Sözlük: Bir dildeki kelimeleri esas alarak, onların temel anlamlarını, kazandıkları yan anlamlar ile başka kelimelerle kurdukları ifadelerdeki anlam inceliklerini, değişik kullanımlarını, deyimlerini gösteren ve o dilin bütün söz varlığını içine alan kitap. (TDK Gramer Terimleri Sözlüğü)
Özeti şu, sözlükler kullanılan dilin, sözlü kültürün yazılı bir kültüre çevrildiği, toplumsal ideolojiye ait şifrelerin belgelendiği metinlerdir. Yani leksikoloji uzmanlarının görevi, sözcüklerin toplumda kullanılış şeklini, yazılı kültürde kaydetmekten ibarettir. Bir toplumun kullandığı dil; onun geleneklerini, törelerini, alışkanlıklarını, iktidarla olan ilişkilerini, tabularını, sınıfsal çelişkilerini, toplumsal cinsiyet rollerini, vicdani/hukuki yargılarını, üretim araçları ile olan ilişkisini apaçık gözler önüne serer. Sözlükçüler bu ilişkinin tanığı ve yazıcısıdır. Kirlenmek kelimesi toplumda “aybaşı görmek” şeklinde kullanılıyorsa, ki kullanılıyor, bu kullanımın sözlükte yer almasından daha doğal bir sonuç olamaz.

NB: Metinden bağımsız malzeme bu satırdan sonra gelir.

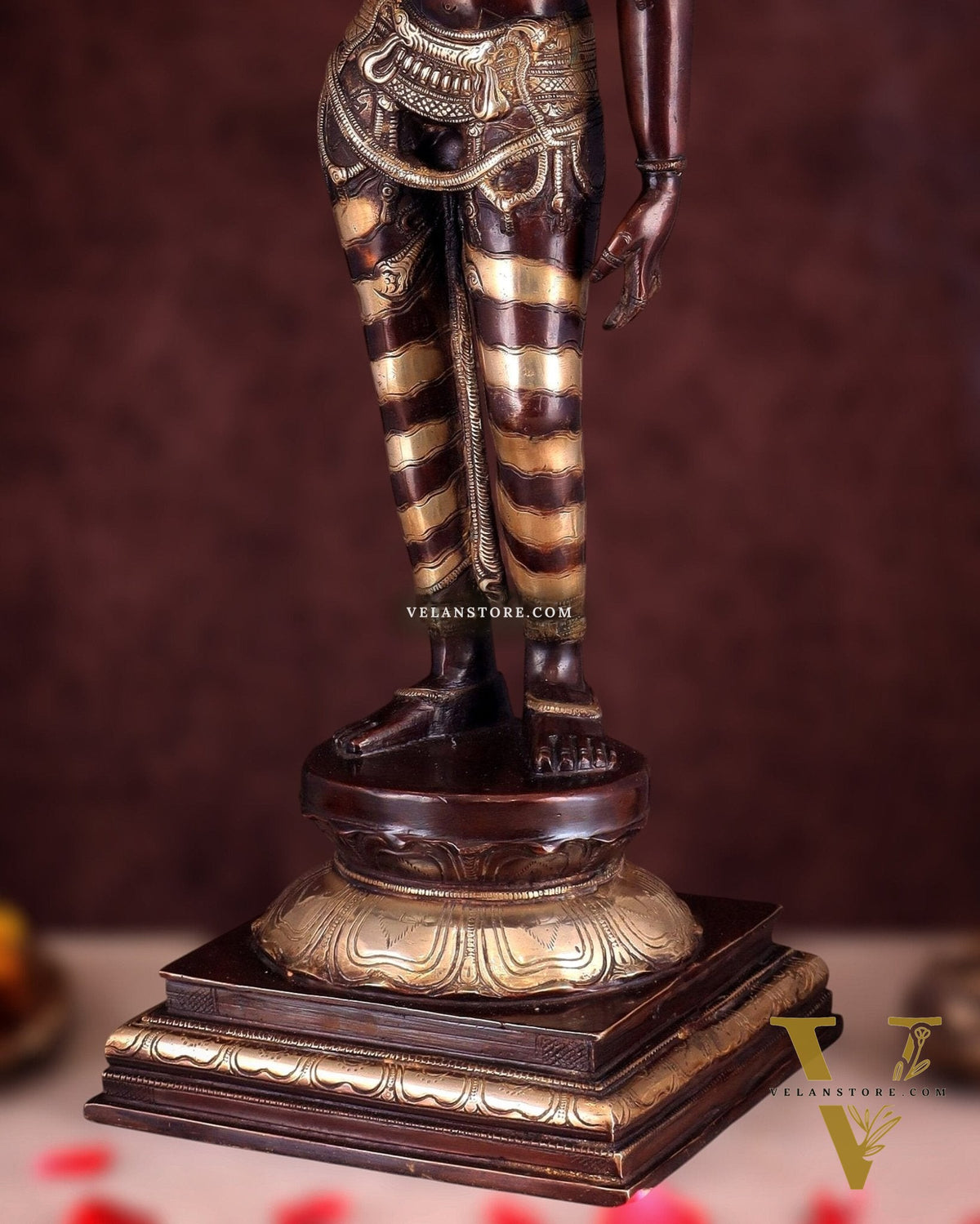 Goddess Parvati Standing Brass Sculpture – 27" Height, Double chola finish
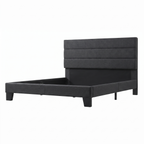 Basilio Fully Upholstered Platform Bed Frame — white background hero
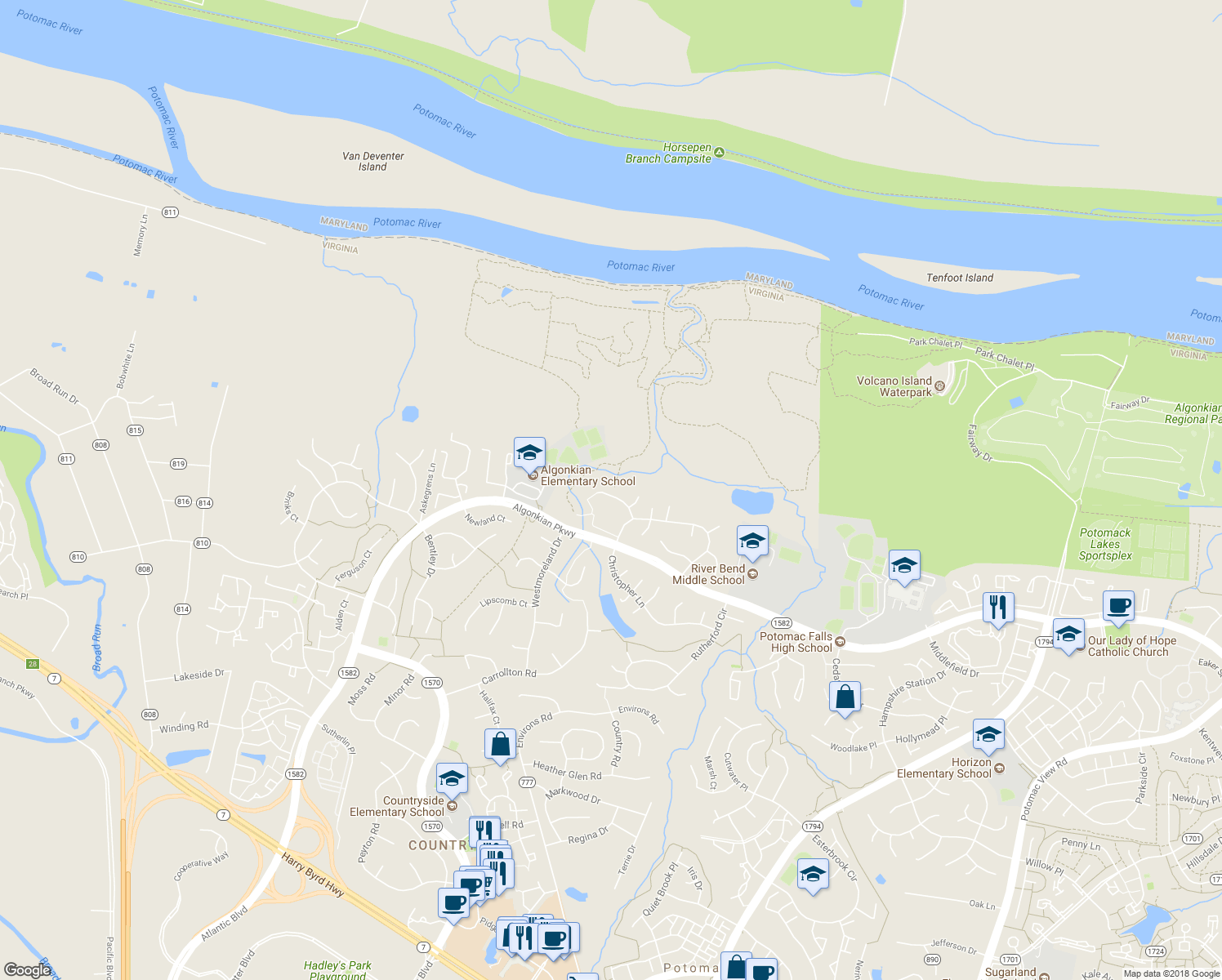 map of restaurants, bars, coffee shops, grocery stores, and more near 20 Griswold Court in Sterling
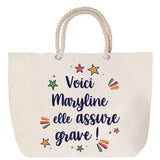 Sac Fête des Mères Mamie Famille Idée Cadeau anniversaire Noël Travail Boulot Métier Départ Retraite Collègue Femme cabas shopping plage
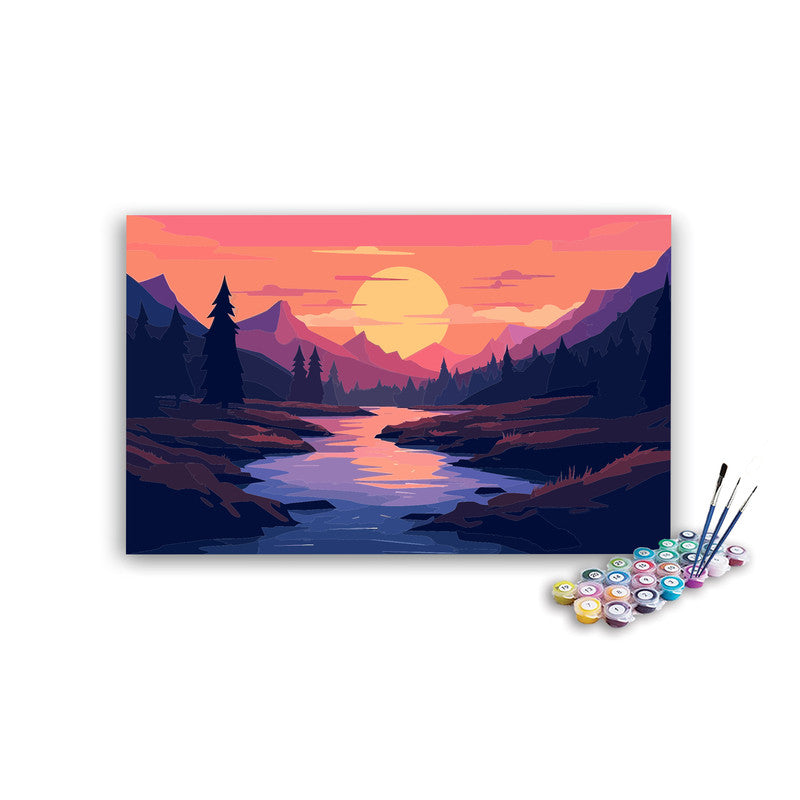DIY Painting Kit -Pine Forest River Sunset in Purple and Pink Paint by Numbers Kit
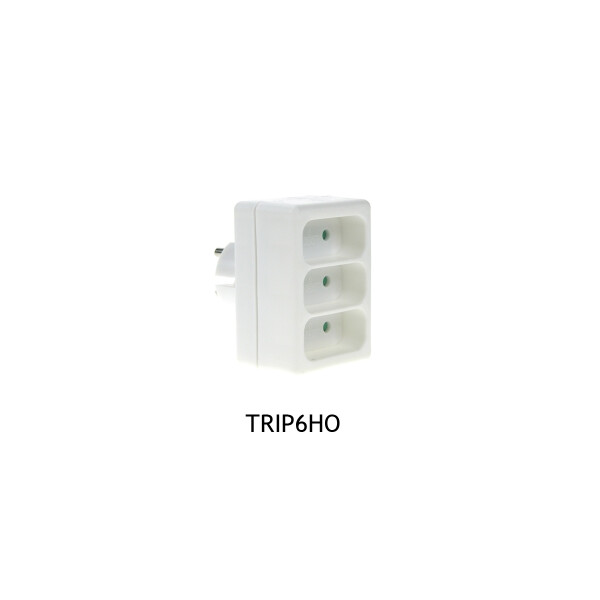 Multiprise Triplite Franelec Blanche - Horizontale - 3x2P - 6A - IP20 - Franelec - TRIP6HO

Güce, dine ve sömürüye dayalı mülkiyet ilişkisi kadını, doğurganlığı, cinselliği tehdit olarak algılar. Kadının erkeğe olan aidiyeti aileyi, aile içindeki erkeğin gücü sömürgen devletin ideolojik aygıtlarını korur, onları yeniden biçimlendirir. Evlilik dışı ilişki yaşayan kadın “kirletilmiştir”, erkek spermi kirlidir, bu yüzden “hamamcı” olur, cinsel ilişki sonrası gusül abdesti alınır. Erkek dili kullanan iktidarlar için aile kurumunu ve erkeğin gücünü tehdit eden her türden eylem, o iktidarın kurduğu sömürü ve mülkiyet düzeninin temellerini sarsar.
Töreyle, dini yasaklarla, geleneklerle, eşitsiz cinsiyet rolleriyle kadını zapturapt almak zorundadır iktidarlar. Bunu yaparken en çok da bize güvenir, bize, halka güvenir. Sözlü kültürden beslenen, yazılı kültüre geçememiş, kendini kaplumbağa terbiyecisi gibi gören aydınlarına, erkek dili kullanan sivil toplum örgütlerine, bilgisizliğimize güvenir. Güce, nefrete, şiddete dayalı bir dil kullanan örgütler iktidarı ele geçirse bile yerine geçtiği iktidarı kopyalar.
Kritik bir eşiğe gelmiş bulunuyoruz. İçinde yaşadığımız kirlenmişlikten çıkmak için; iktidarı değiştirmeyi hedefleyen, bunu yapmak için kendini de değiştiren kişiler, kurumlar ve yeni bir dil yaratmak zorundayız. İşte o zaman sözlüklerimiz kadını yeniden tanımlayabilir.
KAYNAKLAR
1-Şükrü Haluk Akalın, TÜRK DİLİ Dil ve Edebiyat Dergisi, C. XCVIII, S. 699, Mart 2010, s. 268-279
2-tdk.gov.tr
3-Engels, Ailenin, Özel Mülkiyetin ve Devletin Kökeni, Sol Yayınları, 2010.